State Budget Impasse

August 21, 2008 12:25:53 AM PDT
Protestors gathered in North Fresno to speak out about the continuing budget impasse in Sacramento. With the state unable to write checks, agencies and people who rely on state funds are hurting. The state budget is now 52 days late. Bill Turini of Fresno was among more than a dozen protestors forming a "Human Billboard" at the corner of Blackstone and Nees. He says he's protesting because, "We have limited funding coming to our schools, limited funding to our communities, services for the elderly, services for the disabled."
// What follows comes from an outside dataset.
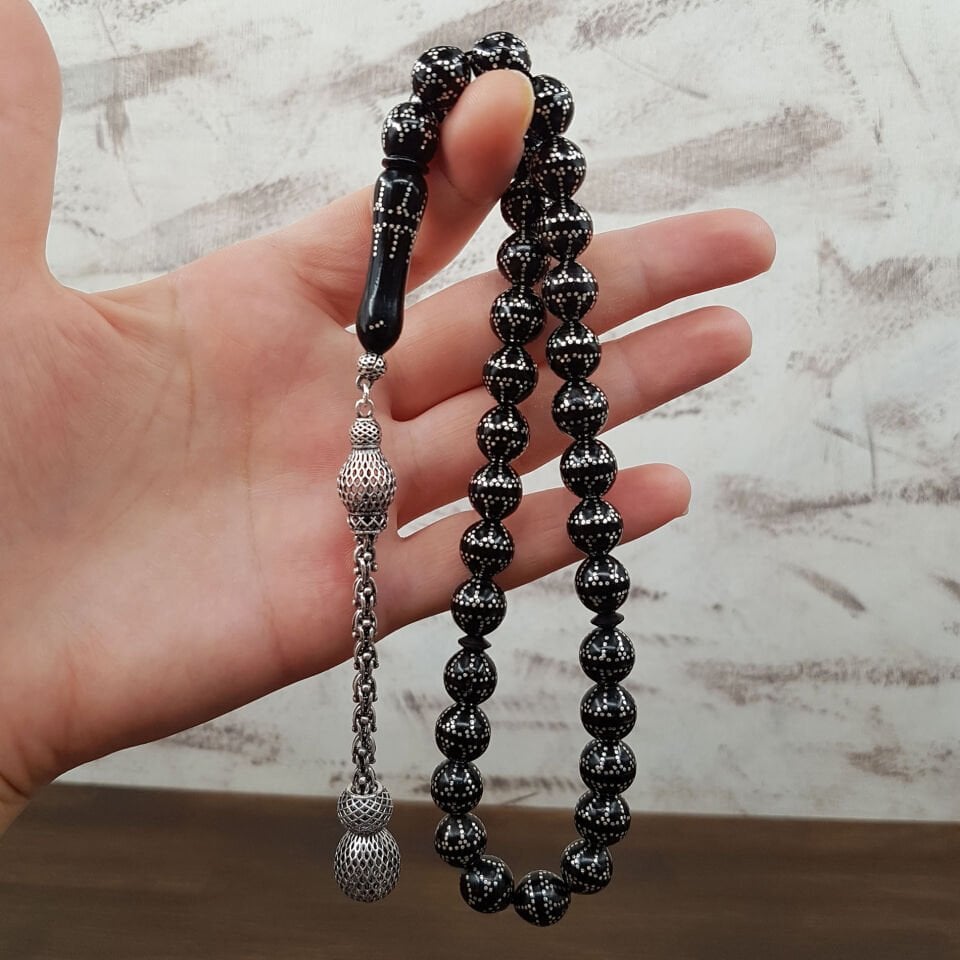 Premium Gümüş Çakım Siyah Kuka Tesbih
Governor Arnold Schwarzenegger told a news conference in Sacramento on Wednesday that he shares the public's frustration, and chastised leaders of both parties for their unwillingness to make a deal. The Governor said, "This is shameful, and it has already imposed difficult hardship on Californians across the state."

He criticized party leaders for being unwilling to bend, saying, "You've got to be able to be flexible. That's what happened yesterday (Tuesday) when we had the Big 5 meeting. The Republicans came in again with the mantra, no taxes, no taxes, no taxes, and the Democrats come in with no cuts, no cuts, and no cuts. I mean we can't continue that way otherwise we're going to sit here six months from now."

The governor was referring to a meeting with party leaders, where Republican Assembly leader mike Villines, of Clovis, simply walked out.

Villines said he was tired of listening to the Governor. Saying, "I mean the only conversations that seemed to be going on was talking about more taxes. And frankly the Governor was the one talking the most about taxes. You know, when you're sitting in a room with five of us and three people are talking about taxes how many times can you say no. And it's time to move on to the next stage."

To some in this crowd of protestors, Villines has become part of the problem. Leo Aguirre, who works for a social services agency says, "I think Mike Vilines needs to understand that what he's doing is hurting the poor. The schools, the disabled."

The latest plan from the governor would raise the state sales tax by a penny on the dollar for three years, and make additional cuts in spending in an effort to satisfy Republicans. But so far, there's no sign they will compromise.

The governor's proposed sales tax increase would raise about six billion a year; the current budget shortage is more than 15 billion.

The governor's effort to cut state workers pay to minimum wage hasn't happened. The state controller defied the governor's order. The governor went to court, and a hearing is set for September 12th. Which means state employees will receive full paychecks for the month of August, at least.